We have houses in two states. We therefore have cars in two states. However, we can only be a resident of one of
those states. This month one or our cars
came due for registration renewal, so we turned to the local Department of
Motor Vehicles (DMV). So far, so good,
right? Not so fast! In the state where we are no longer
residents, a required document to renew a vehicle registration is that state's
drivers' license--which we no longer have!
So we contacted the DMV multiple times to see what could be done. Answers ranged from "you need to take the
vehicle to the other state to get inspected then bring it back here" (1400
miles away), to "you need to register it in the other state", to
"it can't be done period, if you don't have an in-state
license". This does not seem like
an out of the ordinary question: surely we are not the first people with this
situation! However, trying to get an
answer from the DMV is not an ordinary experience. We finally got it resolved through dogged persistence,
but this episode made me ponder the role of service providers in general. Making customers suffer a Kafkaesque
experience shouldn't be the model.
Have you ever called technical support and gotten what you
consider a nonsense answer, and when you call back the second answer you get is
not only different, but does not make any more sense than the first one? It is similar to our experience with the DMV. On our state's official DMV website there is
no mention of how to get an automobile registered if you have an out of state
drivers' license; there is plenty of information on how to register a boat if
you are not a resident, though. So I called
the number on the site and after being put on hold a nice person told me that what
I wanted to do was not possible. I asked
why you should be able to register a boat with an out of state license but not
a car. Turns out, it's because a boat is
using the waterways, but a car is on the roads.
Of course it is: how could I be so stupid! Ahem. That
did not answer the question as to why my identification was good enough for a
boat but not an automobile, though. My
wife called and got a different answer to the question: all we had to do was get an inspection and pay
the fee (which turned out not to be true).
How could two people have gotten such different answers to the same
question?
One way to deal with this is to ask your peers what they
would do. They have likely also experienced
a frustrating technical support call, and maybe they have found a workaround (i.e.,
escalate right away) or perhaps know of another vendor that actually fixes
things without the hassle. With the DMV
being the only game in town, we were stuck.

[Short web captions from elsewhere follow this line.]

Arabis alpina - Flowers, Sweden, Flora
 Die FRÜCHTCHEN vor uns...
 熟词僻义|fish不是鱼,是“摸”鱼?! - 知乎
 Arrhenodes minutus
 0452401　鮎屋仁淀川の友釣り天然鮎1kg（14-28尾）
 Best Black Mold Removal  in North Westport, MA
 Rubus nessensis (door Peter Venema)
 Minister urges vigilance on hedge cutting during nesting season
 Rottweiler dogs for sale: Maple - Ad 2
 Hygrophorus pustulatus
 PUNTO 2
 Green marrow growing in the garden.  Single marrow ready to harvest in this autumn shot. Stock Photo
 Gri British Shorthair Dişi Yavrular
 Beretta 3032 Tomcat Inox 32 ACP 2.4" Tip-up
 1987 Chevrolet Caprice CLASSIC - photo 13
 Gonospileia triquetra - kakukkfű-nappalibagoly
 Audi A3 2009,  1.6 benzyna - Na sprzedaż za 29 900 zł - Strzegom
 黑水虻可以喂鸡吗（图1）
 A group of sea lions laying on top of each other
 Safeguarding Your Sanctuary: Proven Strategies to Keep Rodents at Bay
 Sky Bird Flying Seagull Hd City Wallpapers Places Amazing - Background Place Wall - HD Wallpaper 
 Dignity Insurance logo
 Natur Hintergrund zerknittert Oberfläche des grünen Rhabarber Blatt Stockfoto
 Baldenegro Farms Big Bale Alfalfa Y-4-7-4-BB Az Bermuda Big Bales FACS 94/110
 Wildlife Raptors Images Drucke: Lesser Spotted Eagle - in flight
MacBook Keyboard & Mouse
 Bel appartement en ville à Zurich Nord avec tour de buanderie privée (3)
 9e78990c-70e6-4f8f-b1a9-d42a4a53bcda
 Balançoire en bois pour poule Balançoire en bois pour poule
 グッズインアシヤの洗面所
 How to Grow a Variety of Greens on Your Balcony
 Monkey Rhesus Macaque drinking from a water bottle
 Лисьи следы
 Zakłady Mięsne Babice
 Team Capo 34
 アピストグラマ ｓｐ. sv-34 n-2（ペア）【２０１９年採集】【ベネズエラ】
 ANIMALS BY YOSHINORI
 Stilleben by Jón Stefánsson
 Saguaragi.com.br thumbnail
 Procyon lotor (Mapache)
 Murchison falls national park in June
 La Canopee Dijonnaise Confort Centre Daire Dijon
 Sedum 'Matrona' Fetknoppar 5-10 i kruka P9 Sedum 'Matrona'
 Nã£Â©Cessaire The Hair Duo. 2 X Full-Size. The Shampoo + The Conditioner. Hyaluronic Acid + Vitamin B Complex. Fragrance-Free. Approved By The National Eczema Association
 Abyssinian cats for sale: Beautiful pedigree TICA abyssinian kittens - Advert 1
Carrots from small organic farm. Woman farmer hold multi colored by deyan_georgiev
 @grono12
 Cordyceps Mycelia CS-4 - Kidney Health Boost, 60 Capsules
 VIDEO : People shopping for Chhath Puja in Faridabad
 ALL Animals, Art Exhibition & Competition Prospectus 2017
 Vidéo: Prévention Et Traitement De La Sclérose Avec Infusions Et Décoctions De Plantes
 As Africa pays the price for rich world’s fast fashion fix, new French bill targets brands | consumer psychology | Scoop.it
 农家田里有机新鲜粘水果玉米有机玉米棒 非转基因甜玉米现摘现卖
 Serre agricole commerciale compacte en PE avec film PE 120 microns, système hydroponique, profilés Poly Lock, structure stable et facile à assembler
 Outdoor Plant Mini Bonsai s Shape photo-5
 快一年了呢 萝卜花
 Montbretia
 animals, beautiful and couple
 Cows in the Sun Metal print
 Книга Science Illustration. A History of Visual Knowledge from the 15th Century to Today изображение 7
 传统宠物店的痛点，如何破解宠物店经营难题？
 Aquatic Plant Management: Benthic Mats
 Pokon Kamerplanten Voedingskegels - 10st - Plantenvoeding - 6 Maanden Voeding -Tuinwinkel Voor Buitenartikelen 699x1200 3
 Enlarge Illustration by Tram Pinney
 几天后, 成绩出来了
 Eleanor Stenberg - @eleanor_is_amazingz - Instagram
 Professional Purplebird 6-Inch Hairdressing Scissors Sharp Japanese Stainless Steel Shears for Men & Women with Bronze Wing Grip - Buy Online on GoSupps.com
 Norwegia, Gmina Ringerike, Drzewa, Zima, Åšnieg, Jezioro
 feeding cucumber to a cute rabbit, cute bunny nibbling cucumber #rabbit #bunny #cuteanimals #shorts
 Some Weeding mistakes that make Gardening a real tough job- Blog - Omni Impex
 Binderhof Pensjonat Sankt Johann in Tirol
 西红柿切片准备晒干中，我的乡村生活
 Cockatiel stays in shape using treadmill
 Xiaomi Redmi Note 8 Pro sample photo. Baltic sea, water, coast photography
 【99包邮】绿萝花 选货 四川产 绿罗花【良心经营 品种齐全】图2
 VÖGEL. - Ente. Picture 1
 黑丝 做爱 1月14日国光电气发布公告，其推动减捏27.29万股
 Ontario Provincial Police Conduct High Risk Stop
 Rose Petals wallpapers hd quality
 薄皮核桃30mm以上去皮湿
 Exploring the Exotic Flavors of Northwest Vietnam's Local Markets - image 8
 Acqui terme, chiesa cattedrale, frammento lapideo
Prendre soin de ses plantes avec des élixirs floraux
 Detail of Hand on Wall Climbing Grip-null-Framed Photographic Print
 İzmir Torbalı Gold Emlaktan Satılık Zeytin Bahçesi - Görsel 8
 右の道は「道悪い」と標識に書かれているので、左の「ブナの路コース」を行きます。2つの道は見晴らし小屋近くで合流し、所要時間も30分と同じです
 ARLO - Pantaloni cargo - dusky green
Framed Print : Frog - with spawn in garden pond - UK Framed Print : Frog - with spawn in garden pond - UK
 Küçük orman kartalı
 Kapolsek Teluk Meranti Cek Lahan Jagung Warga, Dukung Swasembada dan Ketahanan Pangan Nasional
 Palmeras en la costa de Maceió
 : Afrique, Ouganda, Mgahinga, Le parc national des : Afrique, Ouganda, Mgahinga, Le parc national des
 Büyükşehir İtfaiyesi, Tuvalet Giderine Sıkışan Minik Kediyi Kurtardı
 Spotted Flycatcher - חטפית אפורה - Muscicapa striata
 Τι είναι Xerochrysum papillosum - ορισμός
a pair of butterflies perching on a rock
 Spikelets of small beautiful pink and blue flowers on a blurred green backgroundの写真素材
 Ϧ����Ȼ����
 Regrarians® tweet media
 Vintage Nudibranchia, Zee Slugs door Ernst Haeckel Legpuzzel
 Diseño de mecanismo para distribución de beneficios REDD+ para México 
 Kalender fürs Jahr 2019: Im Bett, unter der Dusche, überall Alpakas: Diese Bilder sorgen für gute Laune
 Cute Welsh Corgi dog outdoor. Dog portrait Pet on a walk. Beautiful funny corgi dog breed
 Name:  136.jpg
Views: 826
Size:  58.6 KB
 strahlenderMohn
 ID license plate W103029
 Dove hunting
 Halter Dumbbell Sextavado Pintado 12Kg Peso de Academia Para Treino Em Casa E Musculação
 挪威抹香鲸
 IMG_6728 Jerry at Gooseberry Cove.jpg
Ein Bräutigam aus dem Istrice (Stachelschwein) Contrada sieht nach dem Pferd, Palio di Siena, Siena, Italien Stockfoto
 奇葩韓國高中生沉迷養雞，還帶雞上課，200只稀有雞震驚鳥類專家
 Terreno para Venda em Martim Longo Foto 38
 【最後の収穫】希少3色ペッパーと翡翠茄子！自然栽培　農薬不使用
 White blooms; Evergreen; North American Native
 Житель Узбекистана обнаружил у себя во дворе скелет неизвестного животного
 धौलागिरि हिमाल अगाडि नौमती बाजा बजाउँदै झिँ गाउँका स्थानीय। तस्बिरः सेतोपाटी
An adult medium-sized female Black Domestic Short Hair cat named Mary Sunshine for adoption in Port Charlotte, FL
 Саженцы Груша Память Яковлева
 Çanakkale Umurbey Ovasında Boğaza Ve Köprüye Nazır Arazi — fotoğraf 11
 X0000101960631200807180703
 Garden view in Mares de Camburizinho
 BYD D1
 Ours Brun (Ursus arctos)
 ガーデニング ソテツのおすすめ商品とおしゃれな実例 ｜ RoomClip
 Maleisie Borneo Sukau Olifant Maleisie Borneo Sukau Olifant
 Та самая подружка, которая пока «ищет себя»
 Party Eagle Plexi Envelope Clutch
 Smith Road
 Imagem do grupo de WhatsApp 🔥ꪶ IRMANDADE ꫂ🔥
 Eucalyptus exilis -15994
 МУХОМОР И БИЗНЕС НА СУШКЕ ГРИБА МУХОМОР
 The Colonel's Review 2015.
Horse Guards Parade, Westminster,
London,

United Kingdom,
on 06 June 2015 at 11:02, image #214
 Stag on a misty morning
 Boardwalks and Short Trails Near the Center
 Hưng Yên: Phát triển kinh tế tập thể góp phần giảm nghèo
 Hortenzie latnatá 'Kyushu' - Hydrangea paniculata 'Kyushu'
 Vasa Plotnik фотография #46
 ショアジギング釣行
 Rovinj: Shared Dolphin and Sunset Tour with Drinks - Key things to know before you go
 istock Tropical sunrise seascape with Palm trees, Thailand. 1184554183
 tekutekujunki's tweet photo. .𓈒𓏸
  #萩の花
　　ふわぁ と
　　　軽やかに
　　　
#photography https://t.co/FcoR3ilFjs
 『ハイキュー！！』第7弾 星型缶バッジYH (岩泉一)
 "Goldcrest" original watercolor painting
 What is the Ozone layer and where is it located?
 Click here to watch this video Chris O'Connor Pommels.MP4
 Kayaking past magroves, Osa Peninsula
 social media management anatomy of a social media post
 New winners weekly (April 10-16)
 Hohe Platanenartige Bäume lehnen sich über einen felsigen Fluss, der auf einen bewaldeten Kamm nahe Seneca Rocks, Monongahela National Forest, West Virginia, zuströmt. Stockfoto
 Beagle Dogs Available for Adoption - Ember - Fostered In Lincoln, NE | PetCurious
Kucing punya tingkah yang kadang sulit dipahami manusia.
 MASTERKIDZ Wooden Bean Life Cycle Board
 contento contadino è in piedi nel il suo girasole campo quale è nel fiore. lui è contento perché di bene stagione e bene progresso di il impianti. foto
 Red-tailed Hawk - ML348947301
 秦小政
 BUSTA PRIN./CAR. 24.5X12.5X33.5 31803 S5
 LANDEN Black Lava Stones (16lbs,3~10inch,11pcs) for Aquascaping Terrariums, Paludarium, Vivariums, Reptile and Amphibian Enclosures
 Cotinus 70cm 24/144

But we did try our own advice. We
asked our accountant and insurance agent. They both said that their customers tell them
they sometimes just go in to the DMV and it works and other times it doesn’t
and they end up registering the car in another state. Sigh. It
seemed like explaining how to set up a wireless network: sometimes it works,
sometimes it doesn’t. Signals come and
signals go. Magic.
Another idea: When
you finally get a technician that actually seems to know something, write that
down. Remember that person for next
time! On the DMV issue what we did was
take copies of every utility bill we had and went to the DMV. After the interminable inspection lines we
had to wait another hour in line to get to the registration window. Once there we were asked if we could provide the
out of state registration card for one of the vehicles we own in the other state
to verify that we had cars in another state.
Er, what? Not quite knowing how
to respond to this, we instead kept waving the bills around, pointing to
addresses and... a miracle happened.
After thinking about the process we went through it became
apparent to me that the reason that our business continues to grow is that OEM
service and support uses the DMV model and Zerowait goes in the opposite
direction. When a customer calls in with an issue they speak to an engineer
that knows what they are talking about. The customers information is verified
and the problem is worked based on the idea of let’s get this working right now.
At Zerowait we know that no two storage
networks are the same, but they all need to provide data to clients. Instead of creating roadblocks to solutions
like the DMV, our goal is to create pathways to the successful restoration of
data. Make the customer happy. Is that
the goal of the DMV or your OEM service provider?